Requirement: Copy out the records precisely, omitting pictures.

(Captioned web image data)
Segment Open

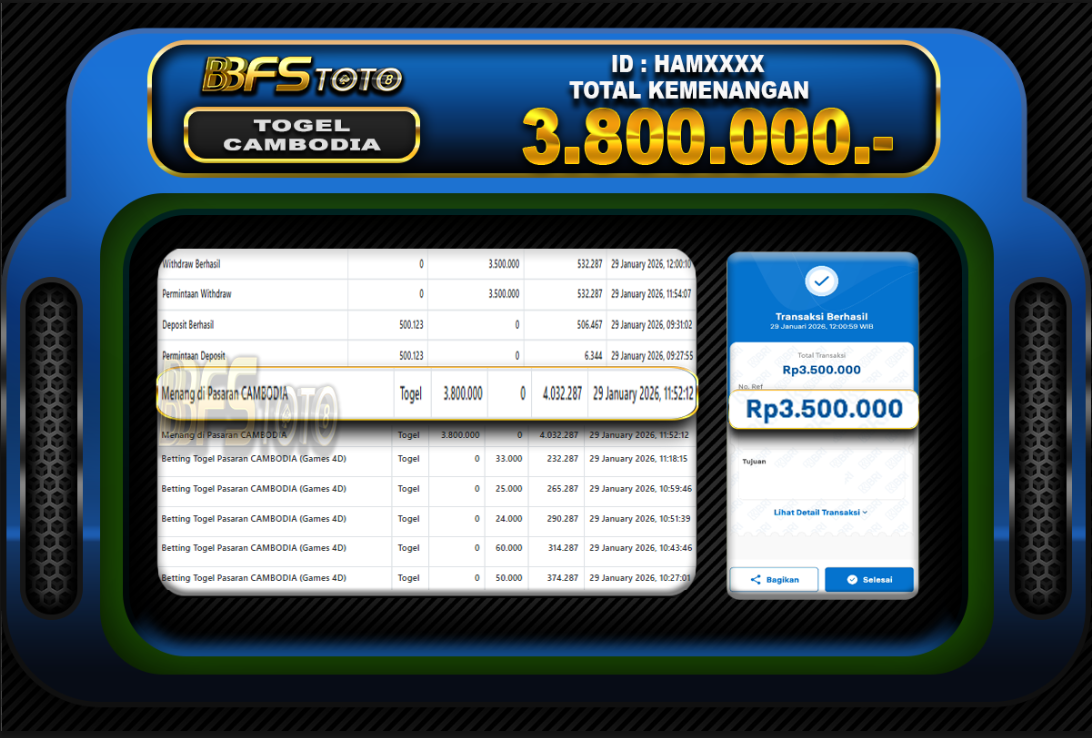 TOGEL CAMBODIA – BUKTI JACKPOT BBFSTOTO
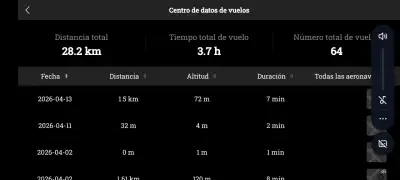 Dron dji neo 2 fly more combo. - miniatura 4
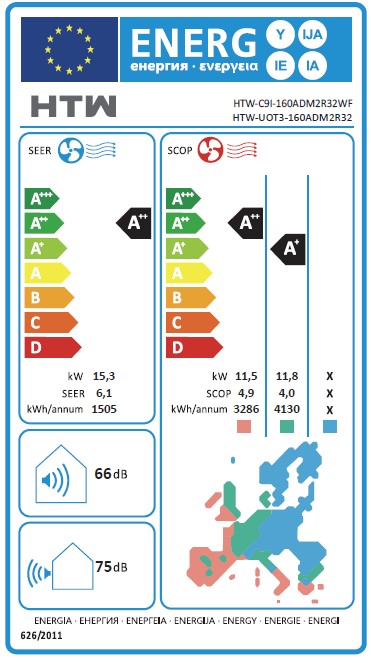 Etiqueta Energética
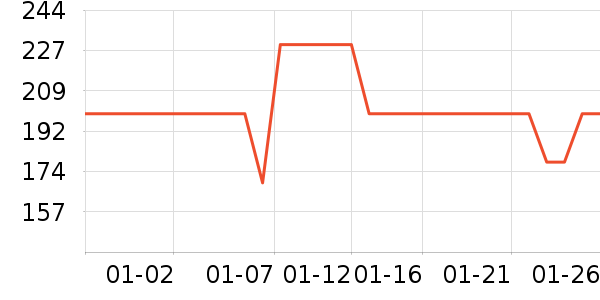 ��·�߼п���ʷ�۸�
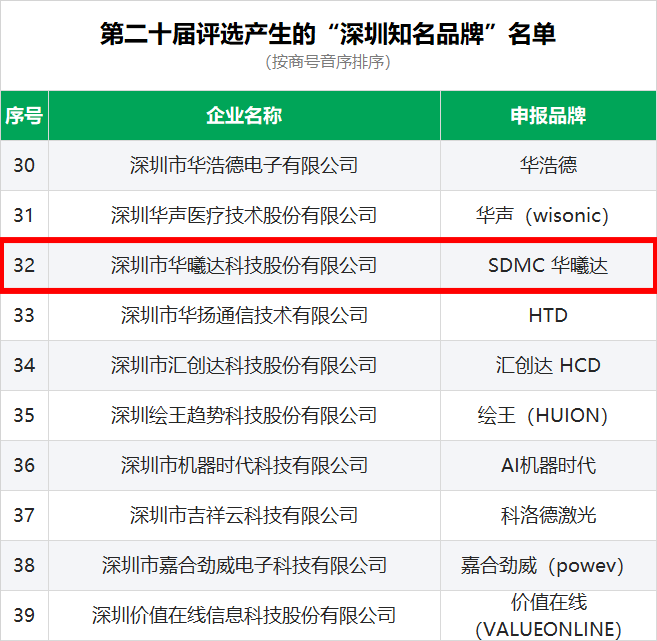 008PG����(�й���)-�ٷ���վ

Segment Closed

Answer to the exercise:
 TOGEL CAMBODIA – BUKTI JACKPOT BBFSTOTO
 Dron dji neo 2 fly more combo. - miniatura 4
 Etiqueta Energética
 ��·�߼п���ʷ�۸�
 008PG����(�й���)-�ٷ���վ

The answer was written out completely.